I think this may be related to the recent change in the conda packages. I just created a new conda environment, installed pytorch according to the official documentation(conda install pytorch torchvision torchaudio pytorch-cuda=11.6 -c pytorch -c nvidia
) and tried to compile apex from source.

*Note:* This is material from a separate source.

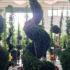 Leyland Cypress Castlewellan Gold Spirals  2.1-2.3 m buy online UK.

The pip
commandline looks like this:
/vc_data/users/heyangqin/anaconda3/envs/deepspeed/bin/nvcc -I/vc_data/users/heyangqin/anaconda3/envs/deepspeed/lib/python3.10/site-packages/torch/include -I/vc_data/users/heyangqin/anaconda3/envs/deepspeed/lib/python3.10/site-packages/torch/include/torch/csrc/api/include -I/vc_data/users/heyangqin/anaconda3/envs/deepspeed/lib/python3.10/site-packages/torch/include/TH -I/vc_data/users/heyangqin/anaconda3/envs/deepspeed/lib/python3.10/site-packages/torch/include/THC -I/vc_data/users/heyangqin/anaconda3/envs/deepspeed/include -I/vc_data/users/heyangqin/anaconda3/envs/deepspeed/include/python3.10 -c -c /vc_data/users/heyangqin/apex/csrc/multi_tensor_sgd_kernel.cu -o /vc_data/users/heyangqin/apex/build/temp.linux-x86_64-cpython-310/csrc/multi_tensor_sgd_kernel.o -D__CUDA_NO_HALF_OPERATORS__ -D__CUDA_NO_HALF_CONVERSIONS__ -D__CUDA_NO_BFLOAT16_CONVERSIONS__ -D__CUDA_NO_HALF2_OPERATORS__ --expt-relaxed-constexpr --compiler-options ''"'"'-fPIC'"'"'' -lineinfo -O3 --use_fast_math -DVERSION_GE_1_1 -DVERSION_GE_1_3 -DVERSION_GE_1_5 --threads 4 -DTORCH_API_INCLUDE_EXTENSION_H '-DPYBIND11_COMPILER_TYPE="_gcc"' '-DPYBIND11_STDLIB="_libstdcpp"' '-DPYBIND11_BUILD_ABI="_cxxabi1011"' -DTORCH_EXTENSION_NAME=amp_C -D_GLIBCXX_USE_CXX11_ABI=0 -gencode=arch=compute_70,code=compute_70 -gencode=arch=compute_70,code=sm_70 -std=c++14
This pip
compile commandline calls the nvcc
in the conda env and it does not include the system CUDA dir /usr/local/cuda/include/
where the cusolverDn.h
locates which causes the error. So I manually updated the PATH
by export PATH=/usr/local/cuda/bin:$PATH
and the error is gone. I wonder if this is the intended behavior?